The env_var function can be used to incorporate Environment Variables from the system into your dbt project. This env_var function can be used in your profiles.yml file, the dbt_project.yml file, the sources.yml file, your schema.yml files, and in model .sql files. Essentially env_var is available anywhere dbt processes jinja code.

When used in a profiles.yml file (to avoid putting credentials on a server), it can be used like this:

profiles.yml
profile:
target: prod
outputs:
prod:
type: postgres
host: 127.0.0.1
# IMPORTANT: Make sure to quote the entire Jinja string here
user: "{{ env_var('DBT_USER') }}"
password: "{{ env_var('DBT_PASSWORD') }}"
....

If the DBT_USER and DBT_PASSWORD environment variables are present when dbt is invoked, then these variables will be pulled into the profile as expected. If any environment variables are not set, then dbt will raise a compilation error.

Integer Environment Variables

If passing an environment variable for a property that uses an integer type (for example, port, threads), be sure to add a filter to the Jinja expression, as shown here. Otherwise, dbt will raise an ['threads']: '1' is not of type 'integer' error. {{ env_var('DBT_THREADS') | int }} or {{ env_var('DB_PORT') | as_number }}

Quoting, Curly Brackets, & You

Be sure to quote the entire jinja string (as shown above), or else the YAML parser will be confused by the Jinja curly brackets.

env_var accepts a second, optional argument for default value, like so:

dbt_project.yml
...
models:
jaffle_shop:
+materialized: "{{ env_var('DBT_MATERIALIZATION', 'view') }}"

This can be useful to avoid compilation errors when the environment variable isn't available.

Secrets

For certain configurations, you can use "secret" env vars.
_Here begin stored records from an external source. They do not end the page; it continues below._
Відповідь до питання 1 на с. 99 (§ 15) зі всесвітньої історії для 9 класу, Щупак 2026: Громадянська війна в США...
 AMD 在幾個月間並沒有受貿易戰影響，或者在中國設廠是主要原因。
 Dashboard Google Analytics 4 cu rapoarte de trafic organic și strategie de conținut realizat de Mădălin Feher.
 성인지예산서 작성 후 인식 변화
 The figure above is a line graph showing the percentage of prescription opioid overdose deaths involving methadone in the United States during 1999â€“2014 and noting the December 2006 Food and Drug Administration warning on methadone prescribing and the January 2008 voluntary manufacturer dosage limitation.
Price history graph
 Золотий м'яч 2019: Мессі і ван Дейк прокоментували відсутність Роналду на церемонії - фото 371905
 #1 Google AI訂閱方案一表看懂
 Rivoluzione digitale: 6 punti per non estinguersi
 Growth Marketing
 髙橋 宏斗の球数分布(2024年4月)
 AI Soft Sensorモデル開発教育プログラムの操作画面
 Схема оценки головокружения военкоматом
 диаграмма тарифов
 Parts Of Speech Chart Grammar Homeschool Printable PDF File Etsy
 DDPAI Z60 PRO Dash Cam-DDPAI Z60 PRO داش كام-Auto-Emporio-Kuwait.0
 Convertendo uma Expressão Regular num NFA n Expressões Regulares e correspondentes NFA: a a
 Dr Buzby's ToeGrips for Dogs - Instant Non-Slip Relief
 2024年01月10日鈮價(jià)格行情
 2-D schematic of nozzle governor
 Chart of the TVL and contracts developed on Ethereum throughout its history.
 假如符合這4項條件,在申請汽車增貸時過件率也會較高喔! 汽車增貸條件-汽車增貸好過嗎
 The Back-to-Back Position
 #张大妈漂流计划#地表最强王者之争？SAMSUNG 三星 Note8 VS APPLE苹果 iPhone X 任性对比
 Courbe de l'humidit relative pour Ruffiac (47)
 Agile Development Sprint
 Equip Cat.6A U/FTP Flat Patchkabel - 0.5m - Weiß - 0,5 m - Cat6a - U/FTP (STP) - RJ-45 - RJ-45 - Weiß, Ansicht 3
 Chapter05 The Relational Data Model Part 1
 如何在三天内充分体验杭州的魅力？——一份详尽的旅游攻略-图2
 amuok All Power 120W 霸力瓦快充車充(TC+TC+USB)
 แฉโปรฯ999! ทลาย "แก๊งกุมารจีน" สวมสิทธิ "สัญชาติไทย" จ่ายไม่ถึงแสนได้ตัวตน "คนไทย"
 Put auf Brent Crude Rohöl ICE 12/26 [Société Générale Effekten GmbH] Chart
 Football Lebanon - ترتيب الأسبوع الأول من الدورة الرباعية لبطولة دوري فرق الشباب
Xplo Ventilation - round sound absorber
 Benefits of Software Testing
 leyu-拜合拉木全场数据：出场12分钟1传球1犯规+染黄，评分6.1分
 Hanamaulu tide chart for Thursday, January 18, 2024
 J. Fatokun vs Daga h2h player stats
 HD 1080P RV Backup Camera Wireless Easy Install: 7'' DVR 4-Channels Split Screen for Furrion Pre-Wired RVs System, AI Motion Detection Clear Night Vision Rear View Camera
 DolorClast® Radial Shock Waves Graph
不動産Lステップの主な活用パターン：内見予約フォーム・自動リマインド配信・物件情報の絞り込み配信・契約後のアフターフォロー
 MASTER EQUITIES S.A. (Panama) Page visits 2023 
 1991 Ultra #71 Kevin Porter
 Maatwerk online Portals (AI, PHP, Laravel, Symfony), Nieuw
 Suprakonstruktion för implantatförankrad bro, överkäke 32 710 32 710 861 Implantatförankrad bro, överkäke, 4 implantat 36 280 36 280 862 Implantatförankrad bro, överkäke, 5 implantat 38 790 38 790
Any env var named with the prefix DBT_ENV_SECRET_ will be:

  • Available for use in profiles.yml + packages.yml, via the same env_var() function
  • Disallowed everywhere else, including dbt_project.yml and model SQL, to prevent accidentally writing these secret values to the data warehouse or metadata artifacts
  • Scrubbed from dbt logs and replaced with *****, any time its value appears in those logs (even if the env var was not called directly)

The primary use case of secret env vars is git access tokens for private packages.

Note: When dbt is loading profile credentials and package configuration, secret env vars will be replaced with the string value of the environment variable. You cannot modify secrets using Jinja filters, including type-casting filters such as as_number or as_bool, or pass them as arguments into other Jinja macros. You can only use one secret per configuration:

# works
host: "{{ env_var('DBT_ENV_SECRET_HOST') }}"

# does not work
host: "www.{{ env_var('DBT_ENV_SECRET_HOST_DOMAIN') }}.com/{{ env_var('DBT_ENV_SECRET_HOST_PATH') }}"

Custom metadata

Any env var named with the prefix DBT_ENV_CUSTOM_ENV_ will be included in two places, with its prefix-stripped name as the key:

dbt Cloud usage

If you are using dbt Cloud, you must adhere to the naming conventions for environment variables. Environment variables in dbt Cloud must be prefixed with DBT_ (including DBT_ENV_CUSTOM_ENV_ or DBT_ENV_SECRET_). Environment variables keys are uppercased and case sensitive. When referencing {{env_var('DBT_KEY')}} in your project's code, the key must match exactly the variable defined in dbt Cloud's UI.